Texto atualizado às 15h25 para incluir resposta do Ministério do Desenvolvimento Regional (MDR)
Um compilado de vídeos sobre as obras de Transposição do Rio São Francisco com mais de 1 milhão de interações no Facebook engana ao tentar atribuir apenas ao atual presidente, Jair Bolsonaro (PL), a responsabilidade pelo projeto, considerado a maior obra de infraestrutura hídrica do Brasil. Embora Bolsonaro venha fazendo entregas de trechos da transposição desde o primeiro ano de mandato, o atual presidente encontrou as obras com mais de 90% de execução quando assumiu a Presidência da República, em 2019. Em nota, o Ministério do Desenvolvimento Regional (MDR) disse que os percentuais não correspondem à realidade, sem informar em que estado real considera ter recebido as obras.
As obras de Transposição do Rio São Francisco começaram em 2006, quando o orçamento era de R$ 4,5 bilhões. A previsão era de que o primeiro trecho fosse entregue em 2010, o que não foi cumprido. No final do segundo mandato, em 2010, o então presidente Luiz Inácio Lula da Silva (PT) disse que a obra seria entregue em 2012. Ao longo dos anos, outros aditivos foram sendo feitos e os prazos também se prolongaram. Em setembro de 2019, o governo Bolsonaro informou que já haviam sido gastos R$ 10,6 bilhões e que seria necessário mais R$ 1,4 bilhão para concluir a obra, chegando a R$ 12 bilhões.
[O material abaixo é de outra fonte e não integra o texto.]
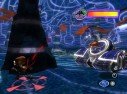 Psychonauts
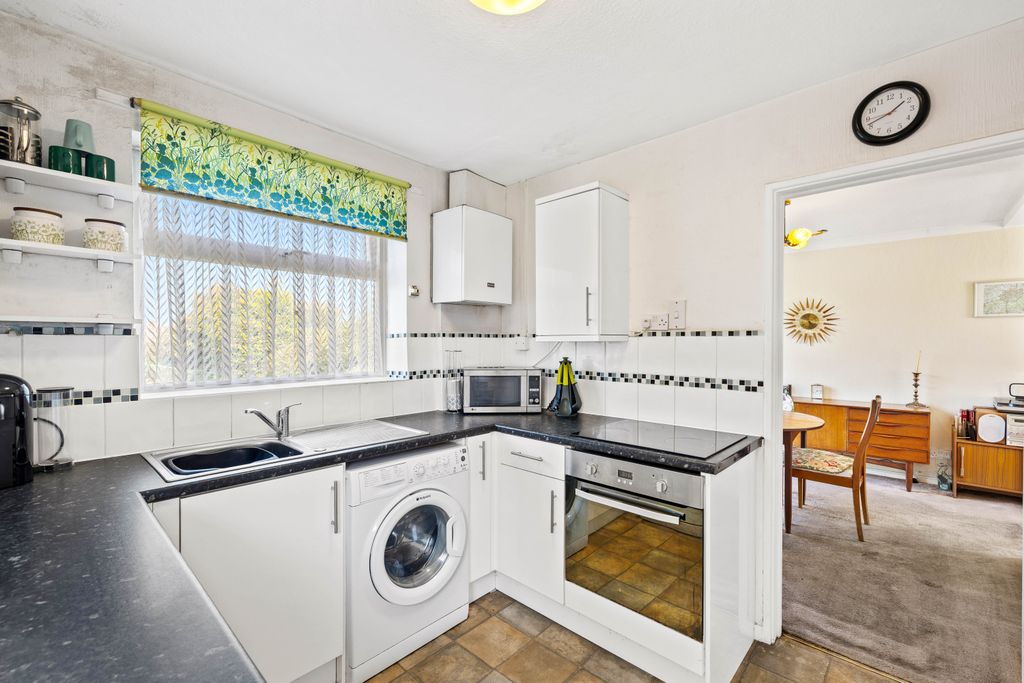 Property photo 2 of 16 Image11.Jpg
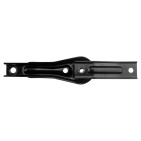 Support Moteur Arrière Pour Audi A3 Q2 Seat Leon St Sc Leon Ateca 5Q0199855AA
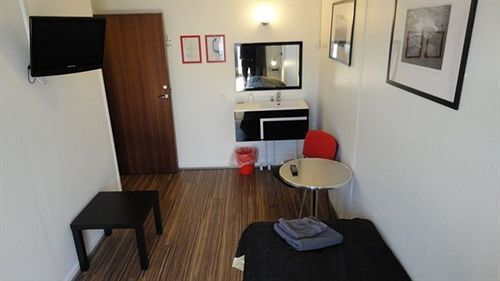 Jorgensen * Copenhaga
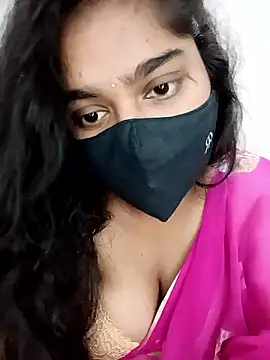 riya-baby - Riya-baby's free webcam - UK Sex Cams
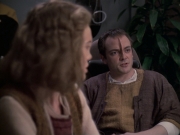 Filename=extant_StarTrek_VOY_6x19-ChildsPlay_01180.jpg
Filesize=167KiB
Dimensions=1200x900
Date added=Jan 03, 2020 extant_StarTrek_VOY_6x19-ChildsPlay_01180.jpg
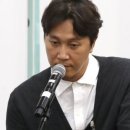 더블유진병원 이미지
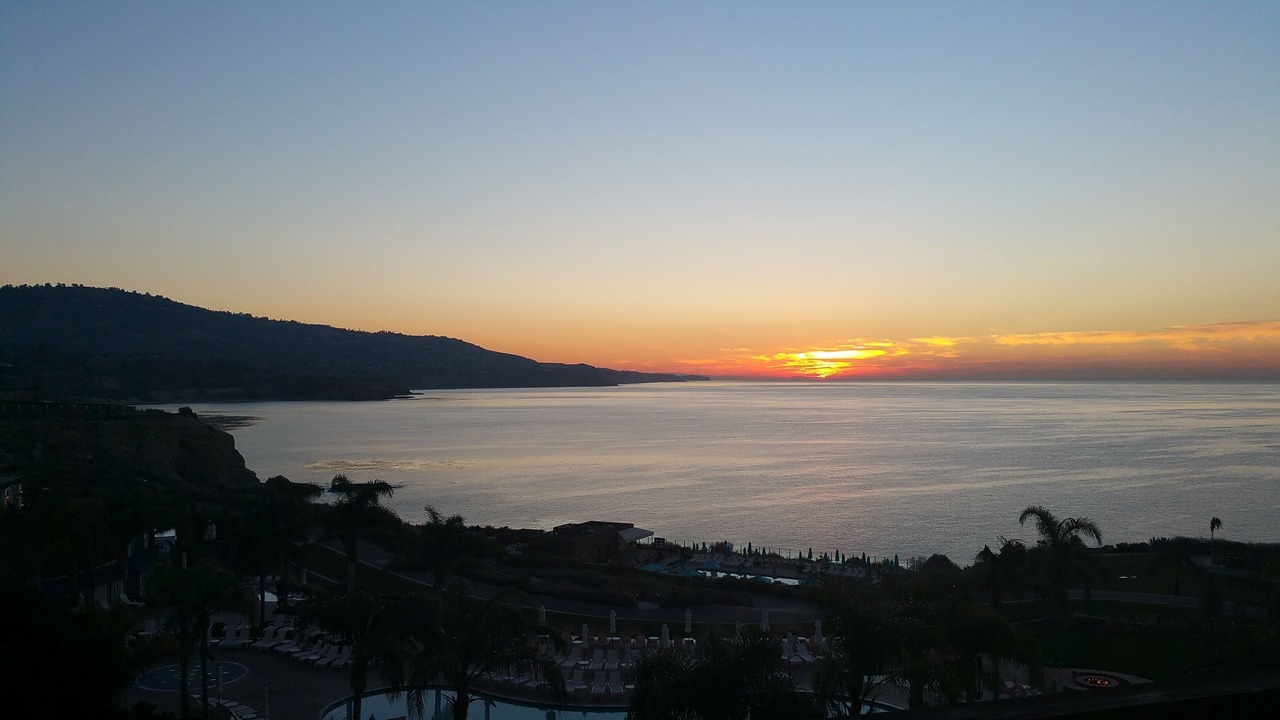Photo of Others in Rancho Palos Verdes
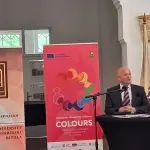 Во Битола – Отворен ден, УКЛО и пријателите, извонредност и кариера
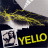 Yello: Solid Pleasure / I.T. Splash (Limited Edition) (Special Edition) (ColoR) (2LP)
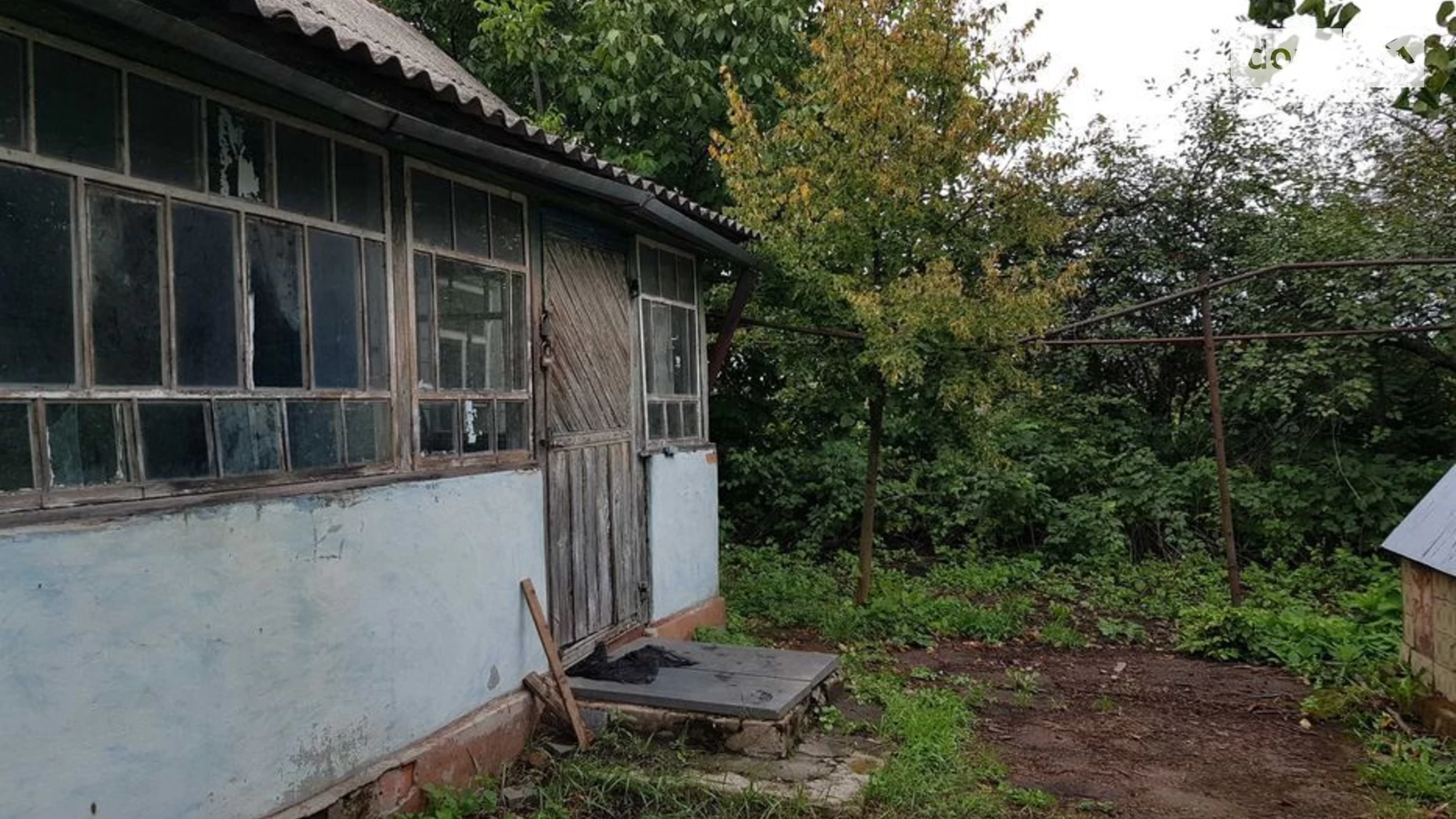 Продается одноэтажный дом 55.6 кв. м с мебелью, цена: 5000 $ - фото 3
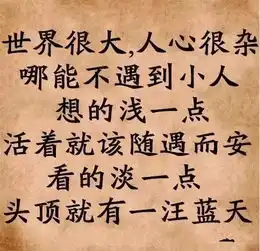  真图片16张
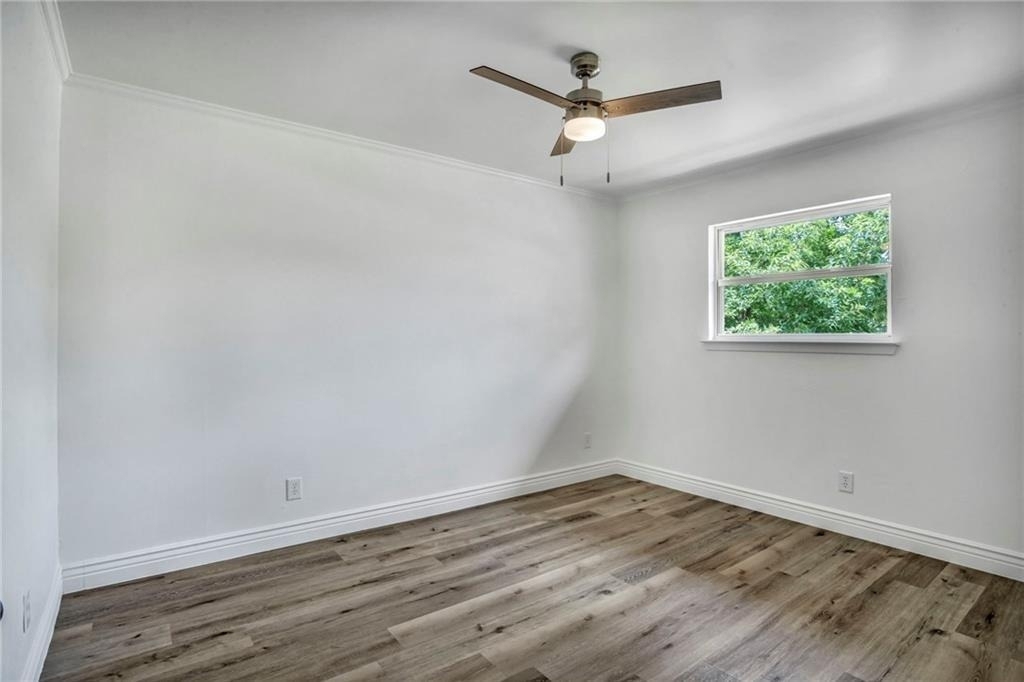 2416 Village Walk - Photo 16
Apesar dos atrasos e aditivos, não é possível afirmar que apenas Bolsonaro tenha tirado o projeto do papel e levado água ao Sertão. A obra começou no governo Lula, atravessou os dois mandatos de Dilma Rousseff (PT), passou pelo governo de Michel Temer (MDB) - que inaugurou o Eixo Leste em 2017 - e continuou no governo Bolsonaro.
Em 2015, ainda no governo Dilma, foi entregue a primeira estação de bombeamento do Eixo Norte. Em novembro de 2016, três meses após Dilma deixar o poder, o Eixo Norte tinha 87,7% das obras físicas executadas e o Eixo Leste tinha 84,4%. Em 2017, Temer entregou o Eixo Leste, como mostrou esta checagem feita pelo Projeto Comprova no ano passado.
Em 2018, antes do início do mandato de Bolsonaro, as obras já estavam 96,40% concluídas. O percentual aparece em uma página do MDR, que foi retirada do ar, mas recuperada por meio da ferramenta Wayback Machine.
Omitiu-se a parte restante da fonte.